Helgesen's Web of Inclusion

Оглавление

Mintzberg's five‐sector imagery adds a new dimension to the conventional line‐staff organization chart but retains some of the traditional image of structure as a top‐down pyramid. Helgesen argues that the idea of hierarchy is primarily a male‐driven depiction, quite different from structures created by female executives:

The women I studied had built profoundly integrated and organic organizations in which the focus was on nurturing good relationships; in which the niceties of hierarchical rank and distinction played little part; and in which lines of communication were multiplicitous, open, and diffuse. I noted that women tended to put themselves at the center of their organizations rather than at the top, thus emphasizing both accessibility and equality, and that they labored constantly to include people in their decision‐making. (Helgesen, 1995, p. 10)

Helgesen coined the expression “web of inclusion” to depict an organic form more circular than hierarchical. The web builds from the center out. Its architect works much like a spider, spinning new threads of connection and reinforcing existing strands. The web's center and periphery are interconnected; action in one place ripples across the entire configuration, forming “an interconnected cosmic web in which the threads of all forces and events form an inseparable net of endlessly, mutually conditioned relations” (Fritjof Capra, quoted in Helgesen, 1995, p. 16). Consequently, weaknesses in either the center or the periphery of the web undermine the strength of the natural network.

A famous example of web organization is “Linux, Inc.,” the loose organization of individuals and organizations that has formed around Linus Torvalds, the creator of the open‐source operating system Linux, whose many variants power most of the world's supercomputers, cell phones, stock markets, and web domains. “Linux, Inc.” is anything but a traditional company:

There's no headquarters, no CEO, and no annual report. It's not a single company, but a cooperative venture. More than 13,000 developers from more than 1,300 companies along with thousands of individual volunteers have contributed to the Linux code. The Linux community, Torvalds says, is like a huge spider web, or better yet, multiple spider webs representing dozens of related open‐source projects. His office is “near where those webs intersect.” (Hamm, 2005)
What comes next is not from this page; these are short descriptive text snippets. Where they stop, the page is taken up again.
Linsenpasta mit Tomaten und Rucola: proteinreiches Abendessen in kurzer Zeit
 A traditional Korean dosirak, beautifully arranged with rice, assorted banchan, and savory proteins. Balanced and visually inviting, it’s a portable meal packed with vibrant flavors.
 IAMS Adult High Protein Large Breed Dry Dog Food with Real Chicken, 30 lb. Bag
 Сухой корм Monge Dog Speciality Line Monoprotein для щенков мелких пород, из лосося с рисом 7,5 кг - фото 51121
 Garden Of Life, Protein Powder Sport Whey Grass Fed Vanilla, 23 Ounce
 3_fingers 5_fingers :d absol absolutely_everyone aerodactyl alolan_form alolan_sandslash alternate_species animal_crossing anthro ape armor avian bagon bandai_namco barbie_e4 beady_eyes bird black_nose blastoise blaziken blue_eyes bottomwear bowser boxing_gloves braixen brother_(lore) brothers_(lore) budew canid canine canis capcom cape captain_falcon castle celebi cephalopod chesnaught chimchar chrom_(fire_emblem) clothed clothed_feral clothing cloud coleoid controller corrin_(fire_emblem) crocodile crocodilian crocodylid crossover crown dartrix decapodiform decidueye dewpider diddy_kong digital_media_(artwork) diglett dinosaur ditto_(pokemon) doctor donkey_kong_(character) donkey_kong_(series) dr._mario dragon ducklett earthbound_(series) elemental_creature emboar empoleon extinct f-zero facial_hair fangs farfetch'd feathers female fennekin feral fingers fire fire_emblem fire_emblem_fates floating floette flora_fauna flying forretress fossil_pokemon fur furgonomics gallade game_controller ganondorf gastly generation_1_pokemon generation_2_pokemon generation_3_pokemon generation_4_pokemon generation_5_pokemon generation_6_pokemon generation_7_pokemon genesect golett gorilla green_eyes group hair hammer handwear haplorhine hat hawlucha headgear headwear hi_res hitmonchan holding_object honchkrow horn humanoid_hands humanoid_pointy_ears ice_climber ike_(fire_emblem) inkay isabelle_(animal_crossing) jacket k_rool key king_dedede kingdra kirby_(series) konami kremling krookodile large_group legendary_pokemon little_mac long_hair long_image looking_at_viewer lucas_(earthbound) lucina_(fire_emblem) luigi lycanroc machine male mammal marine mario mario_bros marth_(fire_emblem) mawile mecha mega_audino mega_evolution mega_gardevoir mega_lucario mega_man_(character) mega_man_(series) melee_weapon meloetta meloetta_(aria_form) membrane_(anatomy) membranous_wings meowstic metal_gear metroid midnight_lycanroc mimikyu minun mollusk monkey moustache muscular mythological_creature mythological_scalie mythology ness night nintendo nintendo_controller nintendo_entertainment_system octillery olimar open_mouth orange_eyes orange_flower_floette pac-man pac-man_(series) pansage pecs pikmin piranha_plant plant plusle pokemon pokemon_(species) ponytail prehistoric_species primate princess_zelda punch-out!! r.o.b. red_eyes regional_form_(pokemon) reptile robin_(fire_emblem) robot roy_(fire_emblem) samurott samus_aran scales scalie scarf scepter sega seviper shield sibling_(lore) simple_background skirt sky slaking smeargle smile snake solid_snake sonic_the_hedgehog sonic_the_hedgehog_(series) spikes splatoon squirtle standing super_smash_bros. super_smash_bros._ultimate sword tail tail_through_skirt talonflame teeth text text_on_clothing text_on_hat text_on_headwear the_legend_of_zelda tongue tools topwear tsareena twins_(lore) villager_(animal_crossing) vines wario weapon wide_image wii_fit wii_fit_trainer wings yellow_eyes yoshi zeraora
Freewheeling web or lattice structures may encounter increasing challenges as an organization gets bigger. When Meg Whitman became CEO of Internet phenomenon eBay in 1998, she joined an organization of fewer than fifty employees configured in an informal web around founder Pierre Omidyar. When she tried to set up appointments with her new staff, she was surprised to learn that scheduled meetings were a foreign concept in a company where no one kept a calendar. Omidyar had built a company with a strong culture and powerful sense of community but no explicit strategy, no regular meetings, no marketing department, and almost no other identifiable structural elements. Despite the company's phenomenal growth and profitability, Whitman concluded that it was in danger of imploding without more structure and discipline. Omidyar agreed. He had worked hard to recruit Whitman because he believed she brought the big‐company management experience that eBay needed to keep growing (Hill and Farkas, 2000).